- _WHAT IS EXPECTED_: In the entries below, find the line with "Pantaloni da donna" and the line with "Amherst 24 Inch". Print those two and everything between them exactly, and nothing else.

- _INPUT DATA_:
-------------------------
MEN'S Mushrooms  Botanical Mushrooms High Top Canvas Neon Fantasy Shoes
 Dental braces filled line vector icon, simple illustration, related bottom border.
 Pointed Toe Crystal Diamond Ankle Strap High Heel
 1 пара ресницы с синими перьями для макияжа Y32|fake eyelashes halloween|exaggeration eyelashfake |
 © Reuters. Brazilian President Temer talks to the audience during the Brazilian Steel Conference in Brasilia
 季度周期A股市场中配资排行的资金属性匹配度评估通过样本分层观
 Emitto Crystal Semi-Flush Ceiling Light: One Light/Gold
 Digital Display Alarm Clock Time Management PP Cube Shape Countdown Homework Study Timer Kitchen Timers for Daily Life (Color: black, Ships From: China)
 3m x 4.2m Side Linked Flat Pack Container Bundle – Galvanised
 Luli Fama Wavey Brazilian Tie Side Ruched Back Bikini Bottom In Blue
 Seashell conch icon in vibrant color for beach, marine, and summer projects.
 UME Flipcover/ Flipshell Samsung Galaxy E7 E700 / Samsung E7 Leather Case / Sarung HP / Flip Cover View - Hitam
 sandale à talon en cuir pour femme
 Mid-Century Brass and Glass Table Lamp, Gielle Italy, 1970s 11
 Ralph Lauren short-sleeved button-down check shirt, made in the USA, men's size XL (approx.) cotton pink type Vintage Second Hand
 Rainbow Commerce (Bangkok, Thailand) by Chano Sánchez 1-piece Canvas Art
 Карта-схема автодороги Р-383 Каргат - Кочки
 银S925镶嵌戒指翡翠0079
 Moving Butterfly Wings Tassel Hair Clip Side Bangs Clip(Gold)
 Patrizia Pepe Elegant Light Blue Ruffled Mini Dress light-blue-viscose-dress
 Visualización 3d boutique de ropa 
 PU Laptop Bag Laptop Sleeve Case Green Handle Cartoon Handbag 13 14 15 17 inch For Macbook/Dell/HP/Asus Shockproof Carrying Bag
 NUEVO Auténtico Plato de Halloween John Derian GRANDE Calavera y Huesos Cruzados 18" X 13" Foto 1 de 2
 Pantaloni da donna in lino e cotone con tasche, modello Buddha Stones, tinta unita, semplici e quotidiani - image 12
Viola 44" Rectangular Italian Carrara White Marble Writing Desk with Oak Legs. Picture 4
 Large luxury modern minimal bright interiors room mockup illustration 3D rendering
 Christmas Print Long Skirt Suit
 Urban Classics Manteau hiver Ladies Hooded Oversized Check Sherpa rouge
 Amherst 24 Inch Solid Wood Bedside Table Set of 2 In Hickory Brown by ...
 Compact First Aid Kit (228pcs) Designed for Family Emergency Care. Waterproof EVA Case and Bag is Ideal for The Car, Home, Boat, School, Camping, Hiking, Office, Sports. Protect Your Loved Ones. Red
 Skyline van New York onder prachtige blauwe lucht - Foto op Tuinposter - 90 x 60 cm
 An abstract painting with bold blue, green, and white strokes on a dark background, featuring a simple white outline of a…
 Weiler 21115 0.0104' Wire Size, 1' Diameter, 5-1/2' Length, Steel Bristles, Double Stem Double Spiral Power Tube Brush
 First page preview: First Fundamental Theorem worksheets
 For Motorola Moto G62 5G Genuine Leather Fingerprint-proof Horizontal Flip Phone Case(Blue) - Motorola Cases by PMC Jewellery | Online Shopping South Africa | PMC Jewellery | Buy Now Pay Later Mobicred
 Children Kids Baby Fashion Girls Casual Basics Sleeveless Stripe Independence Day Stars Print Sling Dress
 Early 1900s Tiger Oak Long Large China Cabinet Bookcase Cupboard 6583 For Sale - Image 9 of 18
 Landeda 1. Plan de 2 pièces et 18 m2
-------------------------
- _SOLUTION TO THIS EXERCISE_:
 Pantaloni da donna in lino e cotone con tasche, modello Buddha Stones, tinta unita, semplici e quotidiani - image 12
Viola 44" Rectangular Italian Carrara White Marble Writing Desk with Oak Legs. Picture 4
 Large luxury modern minimal bright interiors room mockup illustration 3D rendering
 Christmas Print Long Skirt Suit
 Urban Classics Manteau hiver Ladies Hooded Oversized Check Sherpa rouge
 Amherst 24 Inch Solid Wood Bedside Table Set of 2 In Hickory Brown by ...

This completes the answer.